The US Government has a list of “Bad Countries” to which this technology must not be exported. The Axis of Evil, of course, plus places like Iraq, Cuba and... you guessed it, China. So for months we expected not to have any stabilized heads for aerial and boat-based shooting at the Olympics in China. Not just sailing was to suffer: the marathon, road cycle racing, the triathlon, walking, and even the Opening Ceremony would look like pre-Wescam days.

A Spanish company, Service Vision, was contracted to develop a stabilization system based on their successful 2-axis Scorpio heads, used in the movie industry. This was still very primitive, though, and inadequate for long lens HD image acquisition.

As luck would have it, the US State Department decided, only three weeks before the Games, that we could have some systems exported to China, as a special exception from their rules – but with a number of restrictions as to who could use them and how they had to be stored!

Owing to Chinese regulations**,** we had to use two 9-person Dauphine troop carrier helicopters for our aerial shots, flown by Chinese army pilots. These helis are so big that they can’t hover for more than a short time, and it was not possible to nose-mount a stabilized head – hardly suitable aircraft for the world’s premier sailing gig!

Our ENG crews were shooting on P2 cameras for the first time in Olympic sailing. Each camera had 5 x 32GB cards, so no shortage of memory. Great, you would think, but not so. The P2 concept was a disaster for the event in my opinion, but only because the infrastructure needed to handle this format was non-existent.

The organisers had brought in two brand new Final Cut Pro systems to edit the highlights programme. The Panasonic engineer who worked with us could not get the FCP systems to edit straight off the HD footage on the cards. This meant that all the footage had to be ingested to the FCP hard drives and converted to FCP codecs. This took much longer than real time. Add to this that the systems were not networked, so they could not access the footage freely. The FCP system hard drives weren’t big enough to keep each day’s footage for the whole event, so the local hard drives were purged for footage on a daily basis.

All the daily ENG footage had to be sent to the IBC in Beijing for archiving each night, but with four racecourses and maybe 30 races, the producer quickly found out that it was a very slow process. They did not even have a fibre or satellite link to Beijing but had to FTP the P2 full-resolution HD clips!

The result of all of this was that the ENG shooters were instructed to shoot nine clips (yes! Nine clips) per race only. Start, mark roundings for the first couple of boats, finish, that’s it. No chance to tell the story of the race.

Today, those tapes from previous events are kept on shelves somewhere by the IOC, who own the footage. This means that if I want to buy a shot of Barbara Kendall going it alone on the left side of the course in race 3 of the round robins in the Sydney 2000 Games, the IOC can go get the tape, check if the shot is there, wind forward to the time code on the logging sheet, dub it off, and send it to me.

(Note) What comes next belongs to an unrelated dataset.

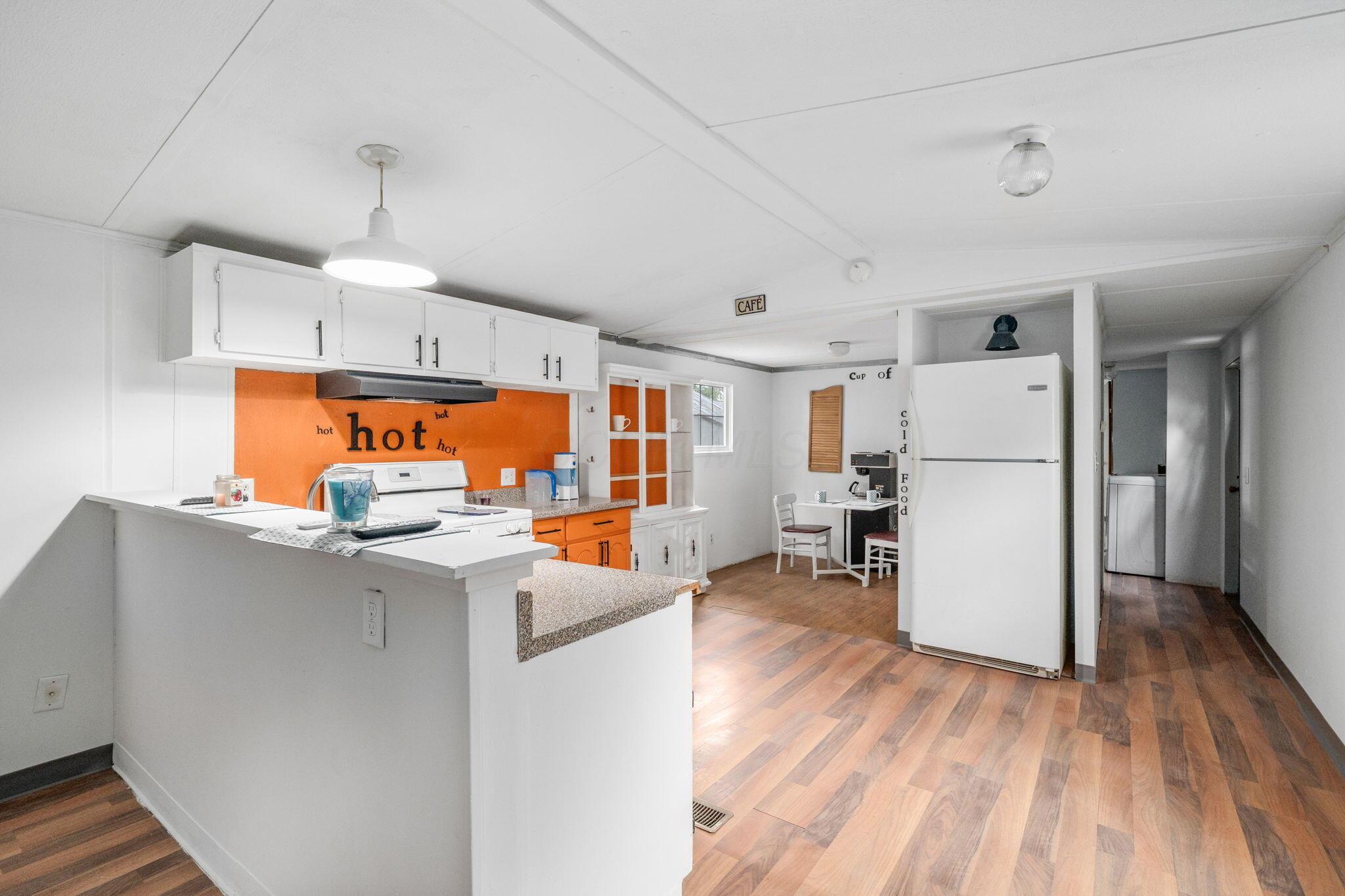 8565 Smith Calhoun Road, Lot 55 Property Photo 10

Not anymore. Because of the poor planning around the P2 format, the shooters were only allowed their nine shots. Everything else was either not shot or has been deleted – forever.

This is the scandalous and horrible consequence of not being set up to use the technology that the Olympic sponsor, Panasonic, forced upon the event. It is like creating a ‘digital hole’: The footage has either disappeared or was never shot, and purely because the logistics needed to deal with the P2 concept were not in place.

It is the main weakness of the hard memory concept in a nutshell: Beautiful cameras, plenty of P2 cards, but without the infrastructure to deal with it, it’s useless. I really did like that cardboard box of old...

There is an old saying that every director and cameraman would have used once or twice:

“We did not shoot it, so it never happened!”

Unfortunately, for the ENG side of the Olympic sailing, the competition actually did happen – but we weren’t allowed to shoot it.

Qingdao has certainly been a challenging venue. But we only met genuinely friendly and helpful people, and we had a great crew. If we get to do it again in 2012, we can hopefully iron out those problem areas we had.